Nous somnolions, mon dromadaire fermait la marche et comme j’avais peur de véritablement m’endormir et de tomber (je te disais que si je tombais, ma chute serait silencieuse car amortie par le sable et que personne ne s’en rendrait compte avant le bivouac du soir et nous pouffions de rire comme des collégiennes) alors, toi dont le dromadaire précédait le mien, tu me racontais les films et les livres qui t’avaient le plus marqué, c’est ainsi que tu me fis découvrir « L’alchimiste » de Paulo Coelho. C’est ainsi que s’égrénaient les jours…

Cette monotonie apaisante libérait nos esprits tout en ramenant nos corps à des besoins élémentaires : boire, manger, dormir, trouver un buisson…

Elle fut une fois interrompue par une tempête de sable.
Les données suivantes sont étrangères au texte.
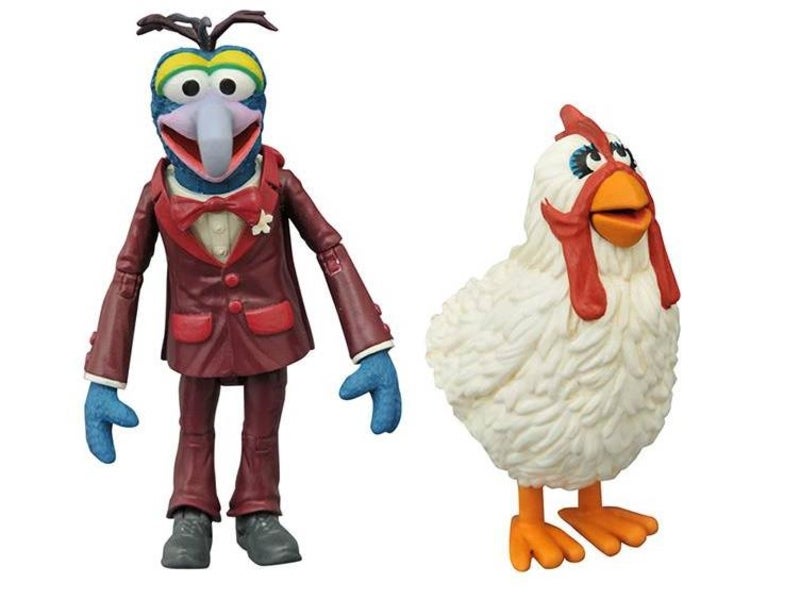 muppet action figures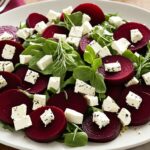 Tangy Goat Cheese & Roasted Beet Salad Recipe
Les lèvres entrouvertes je respirais à travers l’épaisseur du voile de mon chech, je m’habituais à cette chaleur et à ce vent qui desséchaient ma bouche et ma peau esséyant d’oublier ma soif et la peau de mes cuisses irritées ( PS : être assise sur un dromadaire fait mal).

« Et dans le désert de mon cœur, qui agrandit le désert de sable, le silence ajoute un voile sur mon voile, avec ses mains d’air et de sable » (Mano Dayak)
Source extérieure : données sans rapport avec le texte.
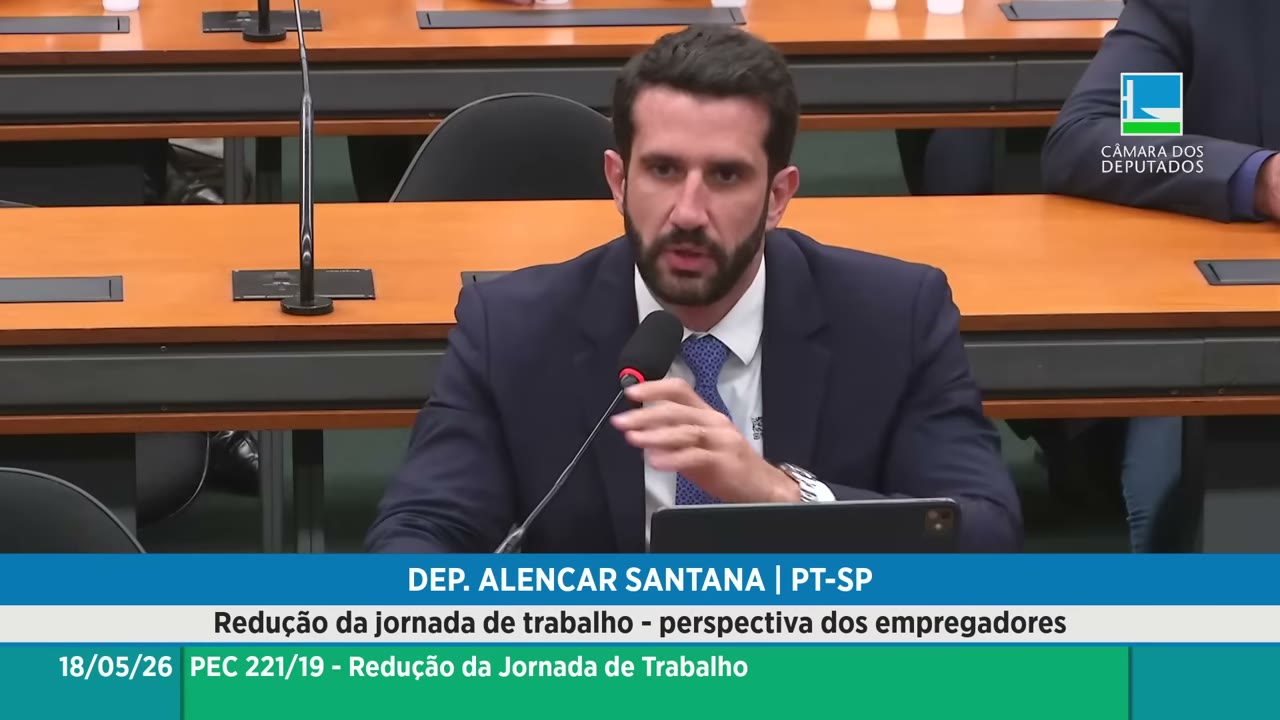 Vídeo do evento em 18:58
Nous trouvâmes refuge dans une maison abendonnée envahie par le sable pour y partager les restes du couscous de la veille. Le soir précédent nous avions participé à la tambouille pour éplucher, découper les légumes et apprendre quelques mots d’arabe (malheureusement oubliés), sous la surveillance de Belgacem le cuisinier. Ce jour là nous apprîmes à faire la vaisselle avec du sable.

Le soleil se couchait rapidement car nous étions en Février. En soirée, à l’heure du bivouac, nous ne disposions que d’une demi-heure/trois quart d’heure pour trouver un buisson, nous changer, installer notre lit de fortune ou chahuter sur les dunes. Nous nous rassemblions autour du feu pour prendre le repas, chanter, sous la direction d’Amor le chamelier-chanteur, et danser. Il faisait froid et nous nous réchauffions en buvant un peu de wisky, en nous serrant les uns contre les autres sous des couvertures qui embaumaient le dromadaire et en dansant autour du feu.

« Ne te lasse pas de crier de joie, d’être en vie et tu n’entendras plus d’autres cris » Proverbe touareg

Nos rires et nos chants, portés par le vent, s’envolaient à travers le désert pour aller réchauffer les âmes solitaires…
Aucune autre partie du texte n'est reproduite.